Em Portugal, não há um amor ao anarquismo, mas fundamentalmente um medo da arbitrariedade do outro, quando esse outro é investido por qualquer tipo de poder. Isto revela uma longa tradição de uma determinada forma de exercício de poder.

1 comentário:

José Trincão Marques disse...

Portugal foi dos poucos países europeus que não teve feudalismo «puro» (por razões relacionadas com a nossa pequena dimensão e com a correlação de forças de vários interesses de classe).
Essa circunstância permitiu o aparecimento precoce do centralismo real.
É verdade que a arbitrariedade política e judicial foi limitada com o enfraquecimento da nobreza feudal.
Foi o centralismo real, conjugado com a nossa posição geográfica, que proporcionou a epopeia dos descobrimentos. No século XIV os pricipais Estados europeus ainda se encontravam espartilhados.

Não se podem comparar (por não serem comparáveis) as circunstâncias sócio-políticas da Idade-Média portuguesa, com as que se vivem actualmente, nem equiparar as Regiões Administrativas aos feudos senhoriais.
Em primeiro lugar, Portugal está integrado na União Europeia, não tendo os poderes soberanos que tinha há vários séculos atrás (pense-se na cunhagem de moeda, no poder legislativo, no poder judicial, no poder executivo, e agora mais recentemente até na política externa).
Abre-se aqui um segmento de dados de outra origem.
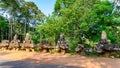 Statues on bridge to Angkor Thom, Cambodia. Demons fallen apart on Temple of Angkor Thom, Cambodia. Royalty Free Stock Photo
Se existe algum «centralismo estadual», ele está hoje em Bruxelas e nâo em Lisboa.
Por outro lado, no Portugal medieval, o poder Real garantia alguma legalidade, mais direitos e menos discricionaridade, ou arbitrariedade, em comparação com o poder dos senhores feudais.
No Portugal democrático de hoje, tanto o Estado central, como as instituições estaduais descentralizadas (onde se incluem os municípios) estão sujeitas ao princípio da legalidade, com vários mecanismos de fiscalização recíprocos.
A Regionalização Administrativa prevista na Constituição tem a vantagem de descentralizar poderes para as regiões que já existem, mas com poderes desconcentrados.
Explico melhor. Hoje já existem em Portugal cinco Regiões Administrativas, com poder político efectivo, que decidem sobre os mais variados assuntos relacionados com a vida de todos nós (licenciamentos, planeamento e ordenamento do território, etc.). Porém os titulares desses poderes não foram eleitos pelo povo, mas sim nomeados pelo Governo.
As Regiões Administrativas permitirão que se possam eleger democraticamente os seus representantes. Com todas as vantagens daí inerentes, nomeadamente de escolher uns e excluir outros.
A democracia é o pior dos sistemas políticos com a excepção de todos os outros. Seja a que nível de poder for.

Post-Scriptum: Valerá a pena aprofundar a democracia nas escolas?